Появляется еще одно действующее лицо — вернее, персонаж: колоритный местный тип в тельняшке по имени Николай. У него обидчиво-заносчивый вид алкаша, которого обнесли, но парень оказывается безобидный, душевный. Едва появившись, он тут же уходит, чтобы перевезти на весельной лодке трех пассажиров на материк. Заработок превыше всего. Разговор все более теплеет. Мы — друзья и дружны уже много лет, дружим семьями. У каждого дома по дочери, так что у нас образуется клуб отцов молоденьких дочерей. А, как известно, главные хранители морали в государстве — это отцы юных дочерей. Каждый очередной прилив взаимного дружелюбия закусываем ухой, воблой, яблоками. Дружелюбие и приязнь к миру распирает нас, и мы уже не можем оставаться в прокуренном камбуз-кубрике, тем более что за окном обозначился славный предзакатный вечерок. Мы выходим на палубу, чтоб понаблюдать за отплытием последнего на сегодняшний вечер катера на материк…


Я зачарованно слоняюсь по сонным, травяным, погруженным в глубокую патриархальность улочкам Свияжска.

Здесь каждый домишко отличен от других, каждый — себе на уме; много кирпичных, очень старых, купеческих и мещанских, кое-как приспособленных под современное жилье. Гнилые двери, кривые от старости рамы и скособоченные крылечки говорят о времени. Облупленная штукатурка стен с выпирающей, как дряблый живот из расстегнутой рубашки, ржавой плотью кирпичной кладки словно обнажает тело народной жизни, саму ее историю с эпохой красного кирпича, нищеты, крови и железа, догмы и революционного порыва, перелившегося в большевистский передел мира…
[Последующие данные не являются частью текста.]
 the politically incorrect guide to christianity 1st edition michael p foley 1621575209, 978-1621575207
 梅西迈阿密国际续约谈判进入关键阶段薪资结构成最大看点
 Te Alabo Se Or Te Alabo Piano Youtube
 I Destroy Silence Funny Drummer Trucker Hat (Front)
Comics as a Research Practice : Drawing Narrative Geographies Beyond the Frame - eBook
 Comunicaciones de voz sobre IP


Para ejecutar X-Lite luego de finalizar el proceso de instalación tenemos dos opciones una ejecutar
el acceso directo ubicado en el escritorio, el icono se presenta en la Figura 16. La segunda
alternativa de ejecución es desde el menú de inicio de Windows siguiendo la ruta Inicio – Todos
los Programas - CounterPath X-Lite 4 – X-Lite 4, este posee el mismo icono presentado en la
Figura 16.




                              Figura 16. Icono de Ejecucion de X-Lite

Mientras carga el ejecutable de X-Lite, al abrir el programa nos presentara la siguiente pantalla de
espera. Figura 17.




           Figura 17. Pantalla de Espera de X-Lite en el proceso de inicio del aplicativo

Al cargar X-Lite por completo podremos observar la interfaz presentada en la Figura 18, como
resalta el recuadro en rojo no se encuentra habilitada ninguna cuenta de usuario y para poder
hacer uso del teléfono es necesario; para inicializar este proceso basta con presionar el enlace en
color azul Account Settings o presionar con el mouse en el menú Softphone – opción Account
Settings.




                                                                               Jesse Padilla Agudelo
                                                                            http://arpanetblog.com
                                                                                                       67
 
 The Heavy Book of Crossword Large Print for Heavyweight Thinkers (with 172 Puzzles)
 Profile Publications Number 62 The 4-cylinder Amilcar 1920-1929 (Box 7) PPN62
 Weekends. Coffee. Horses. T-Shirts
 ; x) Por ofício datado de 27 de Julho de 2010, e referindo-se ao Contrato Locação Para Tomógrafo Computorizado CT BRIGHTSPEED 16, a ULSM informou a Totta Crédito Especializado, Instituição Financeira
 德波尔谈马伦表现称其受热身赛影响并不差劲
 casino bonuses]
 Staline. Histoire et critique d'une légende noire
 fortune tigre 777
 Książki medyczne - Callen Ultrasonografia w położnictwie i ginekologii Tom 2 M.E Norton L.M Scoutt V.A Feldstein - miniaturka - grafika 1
Не жалея пленки, фотографирую виды городка — провинциальный русский классицизм старого дерева и камня в обрамлении тополей, лип и лопухов. Поросшую травой центральную площадь, похожую на футбольное поле. С одной ее стороны, словно голкипер, сиротливо стоит на постаменте выкрашенный серебрянкой бюст вождя, с другой — белая пирамидка с жестяной звездой наверху: в память не вернувшихся с войны свияжцев.